■ **WHAT THE EXERCISE ASKS**:
Transcribe, exactly as they appear, only the lines from the one holding "Vintage-style Christmas pillow" through the end of the entries below.

■ **RECORDS TO USE**:
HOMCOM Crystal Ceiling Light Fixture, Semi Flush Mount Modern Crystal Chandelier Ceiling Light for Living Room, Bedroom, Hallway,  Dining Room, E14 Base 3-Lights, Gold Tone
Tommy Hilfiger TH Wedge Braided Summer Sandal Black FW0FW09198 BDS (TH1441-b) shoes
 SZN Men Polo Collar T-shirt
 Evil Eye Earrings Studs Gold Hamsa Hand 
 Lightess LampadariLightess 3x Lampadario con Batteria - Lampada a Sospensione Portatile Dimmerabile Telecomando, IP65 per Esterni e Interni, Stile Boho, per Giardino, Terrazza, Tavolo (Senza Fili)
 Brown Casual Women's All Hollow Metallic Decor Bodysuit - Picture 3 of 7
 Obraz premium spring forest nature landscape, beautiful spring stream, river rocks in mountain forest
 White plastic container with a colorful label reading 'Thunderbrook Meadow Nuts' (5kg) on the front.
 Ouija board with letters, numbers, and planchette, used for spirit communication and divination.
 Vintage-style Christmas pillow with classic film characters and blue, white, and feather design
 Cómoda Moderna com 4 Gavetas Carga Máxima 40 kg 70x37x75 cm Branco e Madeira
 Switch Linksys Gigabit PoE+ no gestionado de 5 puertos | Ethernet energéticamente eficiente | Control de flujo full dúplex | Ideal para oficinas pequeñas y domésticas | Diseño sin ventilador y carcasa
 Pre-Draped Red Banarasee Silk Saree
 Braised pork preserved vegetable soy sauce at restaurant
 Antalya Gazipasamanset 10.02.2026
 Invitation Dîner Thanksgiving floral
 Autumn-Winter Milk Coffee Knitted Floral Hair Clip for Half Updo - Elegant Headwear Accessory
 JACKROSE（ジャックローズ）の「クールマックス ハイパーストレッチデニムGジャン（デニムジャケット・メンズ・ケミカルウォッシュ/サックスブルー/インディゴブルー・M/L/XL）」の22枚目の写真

■ **RESULT FOR THIS EXERCISE**:
 Vintage-style Christmas pillow with classic film characters and blue, white, and feather design
 Cómoda Moderna com 4 Gavetas Carga Máxima 40 kg 70x37x75 cm Branco e Madeira
 Switch Linksys Gigabit PoE+ no gestionado de 5 puertos | Ethernet energéticamente eficiente | Control de flujo full dúplex | Ideal para oficinas pequeñas y domésticas | Diseño sin ventilador y carcasa
 Pre-Draped Red Banarasee Silk Saree
 Braised pork preserved vegetable soy sauce at restaurant
 Antalya Gazipasamanset 10.02.2026
 Invitation Dîner Thanksgiving floral
 Autumn-Winter Milk Coffee Knitted Floral Hair Clip for Half Updo - Elegant Headwear Accessory
 JACKROSE（ジャックローズ）の「クールマックス ハイパーストレッチデニムGジャン（デニムジャケット・メンズ・ケミカルウォッシュ/サックスブルー/インディゴブルー・M/L/XL）」の22枚目の写真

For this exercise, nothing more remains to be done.